Supporters of California Gov. Jerry Brown are pushing him to make a 2016 presidential bid. And though Brown hasn't confirmed the rumors, he hasn't explicitly denied them either.
When asked by The Huffington Post, Brown did not have a comment on the presidential rumors, but a representative did reference a statement he made at the California Chamber of Commerce host breakfast in May, during which Brown said "time is kind of running out on that." And polls show Brown could enjoy an easy reelection for governor in 2014.
But some argue that Brown's actions -- particularly his recent fundraising efforts -- suggest otherwise.
“Every move he’s making is the move of a presidential candidate,” said Ralph Nader, a five-time presidential candidate himself, to the Los Angeles Times. “It’s almost a blueprint.”
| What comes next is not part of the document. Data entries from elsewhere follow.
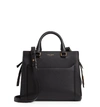 SAINT LAURENT BABY CABAS EAST SIDE LEATHER SATCHEL,55411600Y0W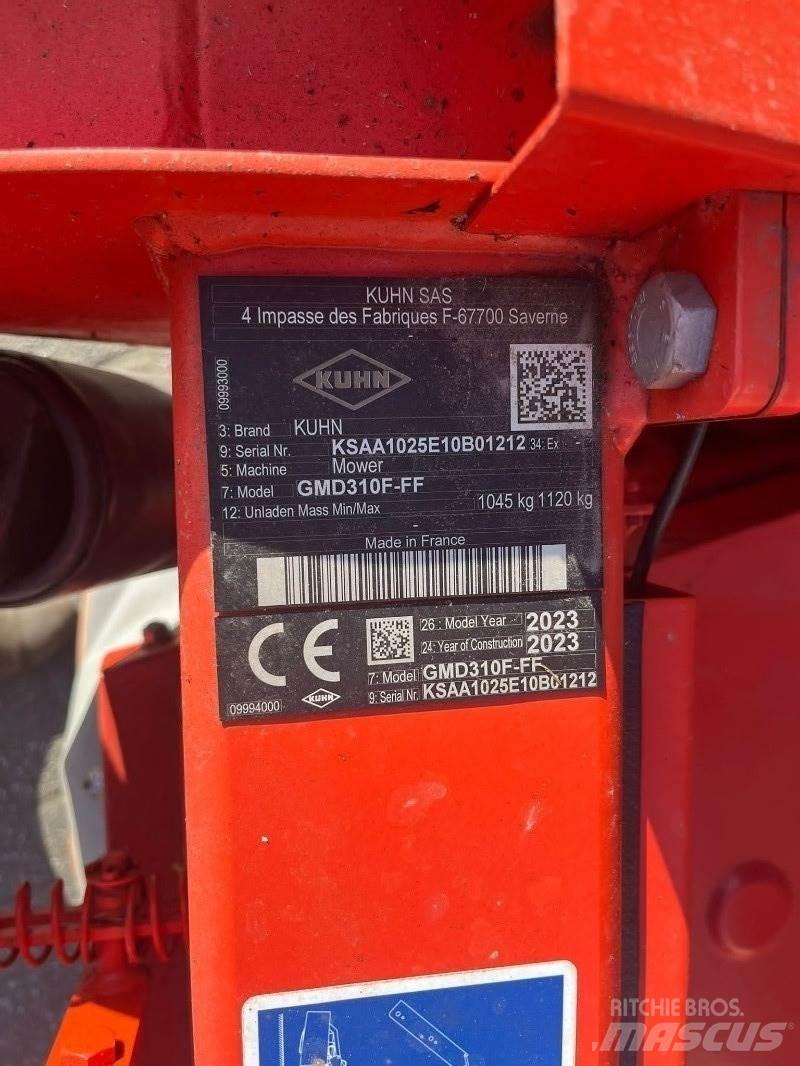 Kuhn GMD 310F Kosiarki ze wstępną obróbka paszy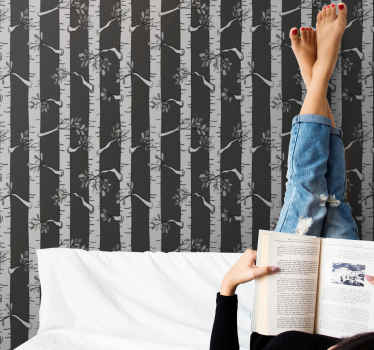 Papel tapiz árboles elegante bosque de abedules - TenVinilo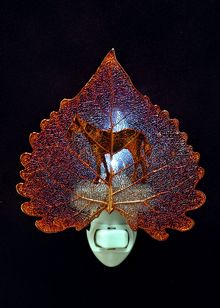 Real Leaf Nightlight | Western Horse Nightlight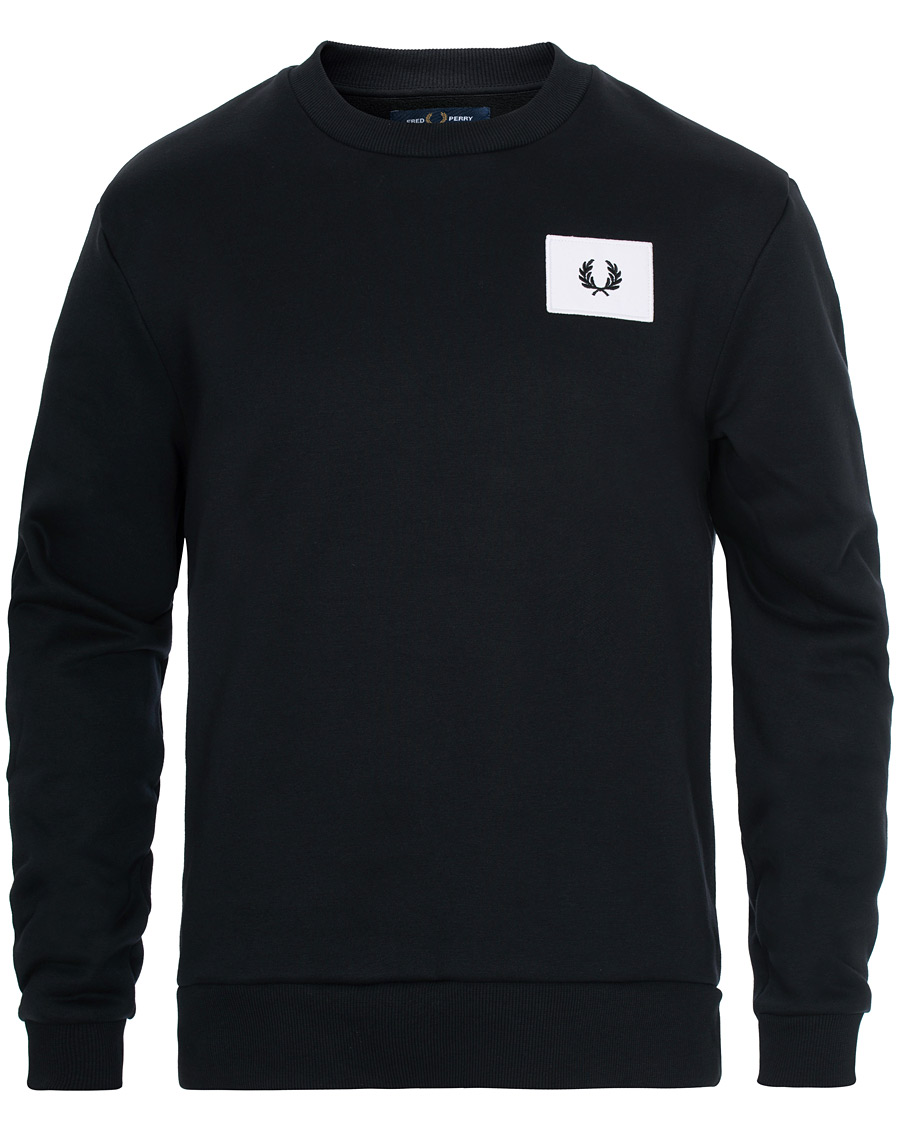 Heren | Truien | Fred Perry | Acid Brights Sweatshirt Black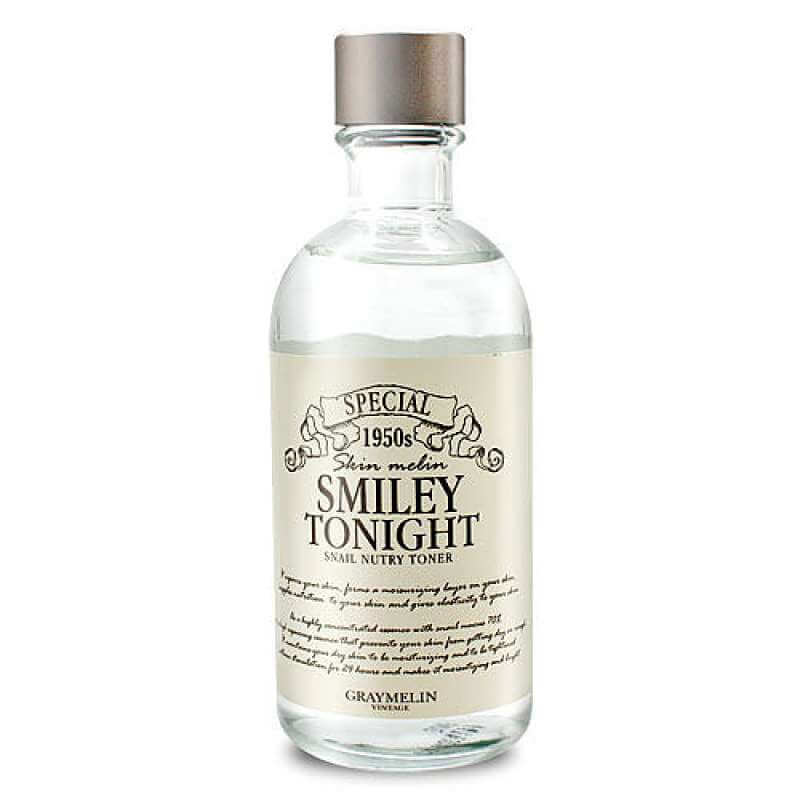 Питательный тонер с муцином улитки Graymelin Smiley Tonight Snail Nutry Toner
As KCAL9′s Dave Bryan noted, many political analysts believe a presidential run for Brown would be both unlikely and unsuccessful. But it's also not an impossibility.
"You call late December the holiday season; in the political world we call it the crazy season," he said. "That doesn't mean it can't happen."
Brown, 75, certainly has the experience under his belt. He's twice served as California's governor, and has held a variety of political positions throughout the years, including mayor of Oakland and attorney general of California. Should Brown run for president, it would mark his fourth attempt.
Despite his age and failed former campaigns, Brown seems to have support for the idea of a run.
“Jerry Brown is a rock star in California. I mean, he’s California’s rock star. He’s just risen… once again,” RoseAnn DeMoro, the executive director of the nation's largest nurses union, told CBS. "Jerry Brown is precisely what America needs. He knows how to govern. He’s not beholden to special interests."
At a fundraiser in Sacramento in June of last year, Vice President Joe Biden said Brown is "the smartest guy in American politics."
Even some journalists seem to be pushing Brown into the ring.
While a Brown campaign would widely be seen as a longshot, the LA Times noted that he could provide relief for Democrats who aren't lining up behind the party's seemingly inevitable candidate: Hillary Rodham Clinton.
While Brown has done nothing to fuel the competition, some would welcome his candidacy as a way to stop what Nader called the “coronation” of Hillary Rodham Clinton by the Democratic Party establishment. Others unhappy with Clinton had their hopes invested in freshman Sen. Elizabeth Warren of Massachusetts, who they consider less beholden to Wall Street, but she has vowed not to run in 2016.